Heh.

Nov. 15th, 2004 01:53 am
wolven7: (Default)
[personal profile] wolven7
Love and romance are very much on your mind, WOLVEN. Even if you are single, you can't help but think about how nice it would be to have someone special (and permanent!) in your life. For those of you married, folk, this is a time to tell one another how much you appreciate each other. No one is served by taking one another for granted. Today, celebrate your partnership in a very special way.

Voltaire - [Ravens Land]--- On my mind, all the time.

Had a great day of hanging out with [livejournal.com profile] electroncat, today. We had long conversations about things done, and things thought. She reminded me that the times when you doubt yourself are most likely the times when you'll fuck things up. As i said, to her, i guess it's lucky that i don't ever try to Do anyhting, in my moments of self-doubt. It's like that line, from Bill Nye, the Science Guy: "Paralysed by Self-Doubt!" When it gets me, it's got me.
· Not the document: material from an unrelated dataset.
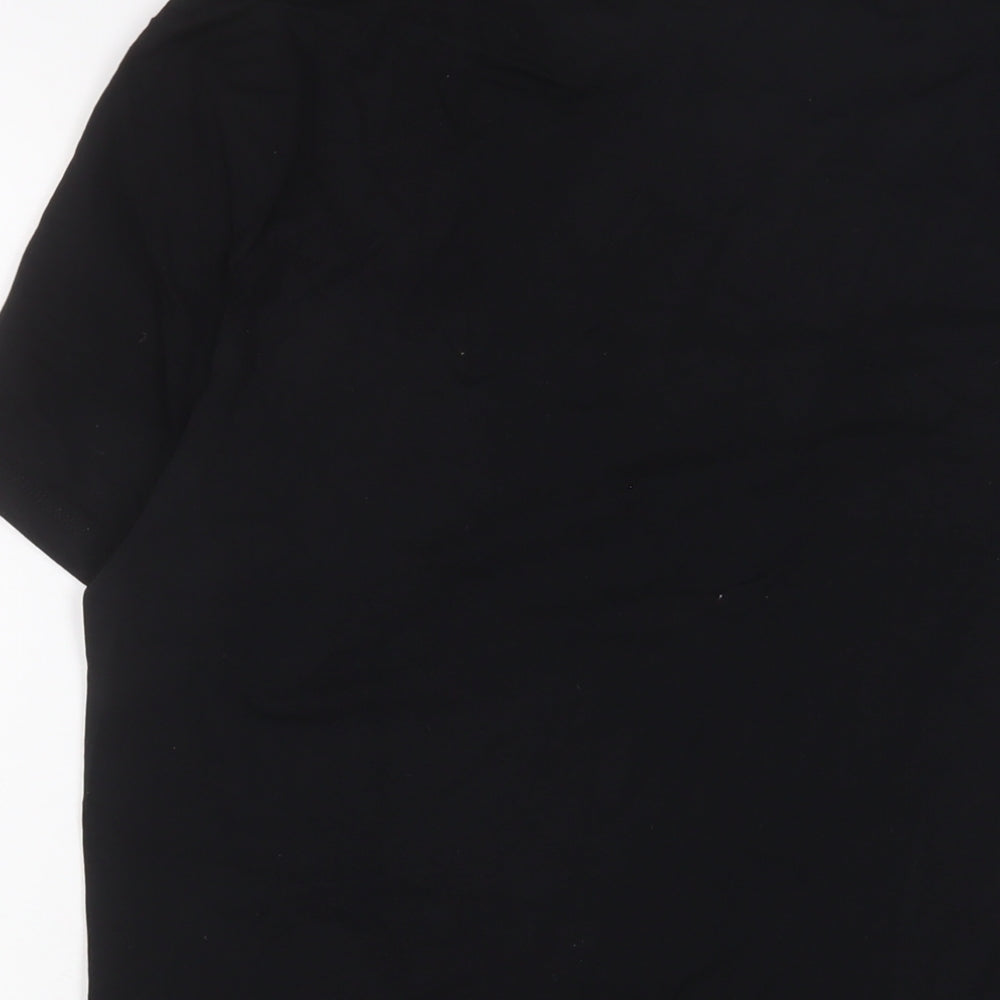 Brand and care label for ASOS men’s black cotton t-shirt, size L, crew neck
The trick, now, is to stop letting it get me. (Moxy Früvous - [The Drinking Song]). By the way, [livejournal.com profile] electroncat, i forgot to tell you, i think it's Very important to have the people who work to things one person at a time. That's just not for me. ;) Sweeping change, that's what i need.

I didn't get to talk to [livejournal.com profile] mech_angel, today, and that makes me sad. But i'll talk to her, soon. Talk to her about lots of things. :)

Workings are forthcoming.

Dream Well

{1.59am: The Police - [King of Pain]--- I also meant to say, i've done some terrible things, in my time, and i've hurt a lot of people, in the doing of them. Rather, i've caused a lot of people to be hurt. There's not much i've done to people, directly, so much as i've facilitated them doing to themselves. But that doesn't make me less responsible, simply less at fault.
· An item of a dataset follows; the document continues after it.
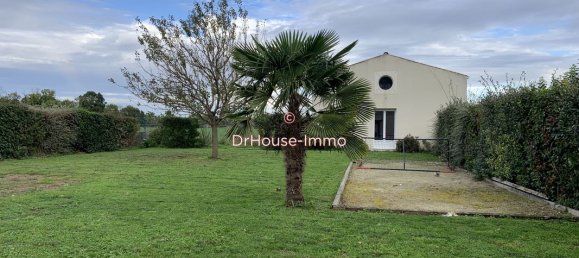 4 bedrooms House in Saint-Hippolyte, France No. 107389 3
But i'm not sorry, for what i did. I'm somewhat sorry for the pain i caused, and the turmoil it wreaked. (The Dresden Dolls - [Girl Anachronism]). But i've seen the things that have come out of them, out of the pain, and the sorrow, and how people have grown. And i'm not sorry for that, at all. Maybe that makes me an asshole. Maybe it makes me sound like a self-righteous prick, but it's the way i feel.

There are some things i've done for which i am genuinely sorry, about the pain they've caused. But they aren't many. I don't have any regrets, and i would never take any of it back. If only because they've all led me here. And, despite all the shite, and the pain, I like where, who, and what i am; and i like what you all are, too... (Polaris - [She Is Staggering]). And all that that implies.

Good night.}

Date: 2004-11-14 11:28 pm (UTC)
From: [identity profile] missmeganmaude.livejournal.com
Well, there are people like you and people like me, and together we can bring change. ^__^

Date: 2004-11-14 11:30 pm (UTC)
From: [identity profile] wolven.livejournal.com
Sounds like a damn fine plan to me. Now, to get more of all of us to coordinate :)
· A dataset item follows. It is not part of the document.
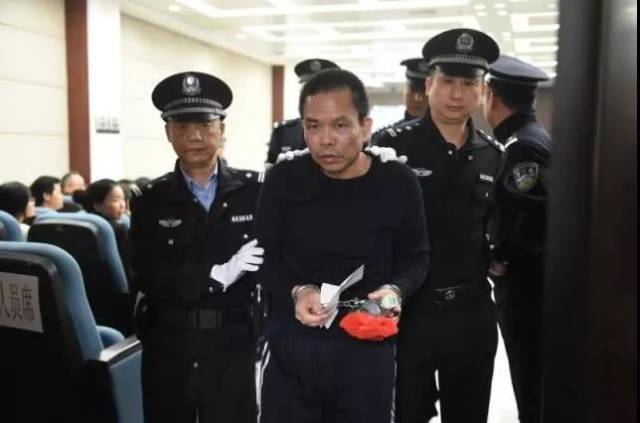 2015年12月24日，蔡东家在广东佛山市中级人民法院受审 景国民 摄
Date: 2004-11-15 10:46 pm (UTC)
From: [identity profile] tribeofone.livejournal.com
What? you want to put together a syncronized swimming team?
I want to maintain the status quo.

Date: 2004-11-16 06:28 am (UTC)
From: [identity profile] wolven.livejournal.com
Maintenance of the status quo is good for a laugh, every now and again, in mock protest, but no thanks, as a world policy.